Synapse loss regulated by matrix metalloproteinases in traumatic brain injury is associated with hypoxia inducible factor-1alpha expression.

The present study assessed the role of matrix metalloproteinase-2 (MMP-2) and -9 in synapse loss after traumatic brain injury (TBI) and the role of hypoxia inducible factor-1alpha (HIF-1alpha), a transcription factor up-regulated during hypoxia, in the regulation of MMP-2 and -9 expression post-TBI. Adult male Sprague-Dawley rats (n=6 per group, 400 g-425 g) were injured using Marmarou's closed-head acceleration impact model and allowed to survive for 1, 4, 24 and 48 h. In another set of experiments, 30 min after TBI, animals were treated with Minocycline (inhibitor of MMPs), or 2-Methoxyestradiol (2ME2, inhibitor of HIF-1alpha) and sacrificed at 4 h after injury. Relative amounts of synaptophysin, a presynaptic vesicular protein, HIF-1alpha, as well as MMP-2 and -9 were assessed by real-time PCR and Western blotting.
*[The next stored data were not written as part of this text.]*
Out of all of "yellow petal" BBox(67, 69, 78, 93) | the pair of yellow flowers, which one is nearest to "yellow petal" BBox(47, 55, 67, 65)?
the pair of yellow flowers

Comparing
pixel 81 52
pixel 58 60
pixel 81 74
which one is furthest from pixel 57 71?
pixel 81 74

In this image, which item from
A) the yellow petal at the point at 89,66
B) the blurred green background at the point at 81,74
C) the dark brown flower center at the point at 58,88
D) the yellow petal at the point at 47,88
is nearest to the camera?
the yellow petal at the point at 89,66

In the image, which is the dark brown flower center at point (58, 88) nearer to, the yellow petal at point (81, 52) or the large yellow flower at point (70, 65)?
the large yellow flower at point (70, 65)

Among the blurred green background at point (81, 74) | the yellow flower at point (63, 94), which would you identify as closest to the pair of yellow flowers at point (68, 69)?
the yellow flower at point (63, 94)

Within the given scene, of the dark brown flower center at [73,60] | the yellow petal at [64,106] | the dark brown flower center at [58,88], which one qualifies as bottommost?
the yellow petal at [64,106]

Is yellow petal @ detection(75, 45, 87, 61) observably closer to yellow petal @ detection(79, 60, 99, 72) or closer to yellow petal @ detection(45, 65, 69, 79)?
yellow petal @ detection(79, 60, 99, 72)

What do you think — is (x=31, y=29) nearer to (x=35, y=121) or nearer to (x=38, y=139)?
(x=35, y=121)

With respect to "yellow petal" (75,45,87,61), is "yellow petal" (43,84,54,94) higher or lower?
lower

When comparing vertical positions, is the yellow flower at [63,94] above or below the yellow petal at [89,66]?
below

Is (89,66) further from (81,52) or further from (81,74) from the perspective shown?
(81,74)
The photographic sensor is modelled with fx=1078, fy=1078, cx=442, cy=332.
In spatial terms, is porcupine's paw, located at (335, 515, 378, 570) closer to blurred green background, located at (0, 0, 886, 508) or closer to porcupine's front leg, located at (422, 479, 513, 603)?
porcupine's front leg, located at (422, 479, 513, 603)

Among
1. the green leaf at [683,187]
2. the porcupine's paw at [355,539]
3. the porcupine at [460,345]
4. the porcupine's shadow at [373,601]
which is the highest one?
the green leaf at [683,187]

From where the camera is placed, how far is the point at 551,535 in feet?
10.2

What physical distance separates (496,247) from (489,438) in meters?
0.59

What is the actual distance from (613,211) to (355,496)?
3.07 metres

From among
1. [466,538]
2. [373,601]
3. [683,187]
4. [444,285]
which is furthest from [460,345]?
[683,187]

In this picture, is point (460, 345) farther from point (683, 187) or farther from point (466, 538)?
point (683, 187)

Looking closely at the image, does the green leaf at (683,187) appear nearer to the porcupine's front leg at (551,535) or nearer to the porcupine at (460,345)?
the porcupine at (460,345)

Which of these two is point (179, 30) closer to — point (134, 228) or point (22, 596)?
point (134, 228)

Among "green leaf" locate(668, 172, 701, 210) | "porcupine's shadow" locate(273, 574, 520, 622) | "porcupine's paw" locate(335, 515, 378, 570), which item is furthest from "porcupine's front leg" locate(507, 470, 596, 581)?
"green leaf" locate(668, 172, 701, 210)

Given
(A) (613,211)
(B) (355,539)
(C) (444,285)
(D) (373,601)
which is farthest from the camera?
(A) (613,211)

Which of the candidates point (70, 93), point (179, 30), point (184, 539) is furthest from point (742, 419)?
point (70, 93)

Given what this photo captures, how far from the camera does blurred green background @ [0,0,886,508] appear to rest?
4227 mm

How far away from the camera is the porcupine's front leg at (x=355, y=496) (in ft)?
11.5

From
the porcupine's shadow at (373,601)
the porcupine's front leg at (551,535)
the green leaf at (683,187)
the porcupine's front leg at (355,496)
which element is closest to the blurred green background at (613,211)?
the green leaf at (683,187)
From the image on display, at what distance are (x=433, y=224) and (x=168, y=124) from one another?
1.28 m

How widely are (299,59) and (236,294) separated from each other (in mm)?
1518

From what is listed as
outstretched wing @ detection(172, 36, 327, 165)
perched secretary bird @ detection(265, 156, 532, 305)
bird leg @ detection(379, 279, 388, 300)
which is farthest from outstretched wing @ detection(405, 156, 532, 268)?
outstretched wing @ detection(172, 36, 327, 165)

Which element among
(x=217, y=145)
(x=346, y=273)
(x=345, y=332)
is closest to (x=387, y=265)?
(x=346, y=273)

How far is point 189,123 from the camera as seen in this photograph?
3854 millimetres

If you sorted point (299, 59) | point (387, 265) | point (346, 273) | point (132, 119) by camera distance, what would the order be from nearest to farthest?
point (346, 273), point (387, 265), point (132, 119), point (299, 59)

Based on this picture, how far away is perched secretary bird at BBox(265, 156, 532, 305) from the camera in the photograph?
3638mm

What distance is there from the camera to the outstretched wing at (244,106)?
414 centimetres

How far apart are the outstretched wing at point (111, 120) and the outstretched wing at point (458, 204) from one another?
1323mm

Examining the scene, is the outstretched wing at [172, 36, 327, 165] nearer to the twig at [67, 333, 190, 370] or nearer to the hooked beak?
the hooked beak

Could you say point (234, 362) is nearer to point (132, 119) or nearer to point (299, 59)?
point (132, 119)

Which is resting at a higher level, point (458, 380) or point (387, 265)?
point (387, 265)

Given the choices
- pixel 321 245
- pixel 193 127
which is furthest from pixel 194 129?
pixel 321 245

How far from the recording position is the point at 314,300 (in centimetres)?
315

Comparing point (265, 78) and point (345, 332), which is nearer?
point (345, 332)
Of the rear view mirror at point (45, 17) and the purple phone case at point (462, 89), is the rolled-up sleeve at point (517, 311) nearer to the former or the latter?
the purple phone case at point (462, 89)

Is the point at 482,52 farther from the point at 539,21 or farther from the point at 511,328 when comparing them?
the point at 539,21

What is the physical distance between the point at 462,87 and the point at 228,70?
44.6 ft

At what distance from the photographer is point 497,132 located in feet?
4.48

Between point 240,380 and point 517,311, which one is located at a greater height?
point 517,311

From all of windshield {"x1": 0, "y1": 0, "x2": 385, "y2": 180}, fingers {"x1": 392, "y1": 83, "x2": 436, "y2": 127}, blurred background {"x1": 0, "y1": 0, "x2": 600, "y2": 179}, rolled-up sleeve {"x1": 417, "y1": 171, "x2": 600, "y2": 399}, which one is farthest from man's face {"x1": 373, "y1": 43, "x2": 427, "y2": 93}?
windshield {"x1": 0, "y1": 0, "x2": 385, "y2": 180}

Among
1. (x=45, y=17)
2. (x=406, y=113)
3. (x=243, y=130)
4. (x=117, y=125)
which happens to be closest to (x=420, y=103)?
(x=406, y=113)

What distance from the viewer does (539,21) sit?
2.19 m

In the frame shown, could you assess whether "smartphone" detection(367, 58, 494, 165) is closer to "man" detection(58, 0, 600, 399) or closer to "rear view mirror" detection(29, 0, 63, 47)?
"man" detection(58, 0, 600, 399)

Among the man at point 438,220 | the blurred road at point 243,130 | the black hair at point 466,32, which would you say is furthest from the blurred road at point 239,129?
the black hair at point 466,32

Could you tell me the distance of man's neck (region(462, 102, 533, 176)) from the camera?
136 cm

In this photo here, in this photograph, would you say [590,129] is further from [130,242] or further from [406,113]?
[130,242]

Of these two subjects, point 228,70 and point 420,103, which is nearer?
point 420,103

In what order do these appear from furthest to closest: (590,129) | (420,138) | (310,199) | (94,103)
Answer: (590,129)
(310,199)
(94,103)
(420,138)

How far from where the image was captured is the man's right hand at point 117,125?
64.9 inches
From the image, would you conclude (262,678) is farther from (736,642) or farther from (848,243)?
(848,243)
Activity levels of MMP-2 and -9 were determined by zymography. Synaptophysin expression was significantly (p<0.05) decreased at 1 h through 48 h after TBI. A significant increase in gene and protein expressions of HIF-1alpha, MMP-2 and -9, as well as enzyme activity of MMP-2 and -9 at the same time points was also detected. Inhibition of either MMPs or HIF-1alpha significantly reversed the TBI-induced decrease in synaptophysin. Inhibition of HIF-1alpha reduced expression of MMP-2 and -9. This study showed an early detection of a correlation between synaptic loss and MMP expression after TBI. The data also supports a role for HIF-1alpha in the MMP regulatory cascade in synapse loss after TBI, suggesting potential targets for reducing loss of synaptic terminals.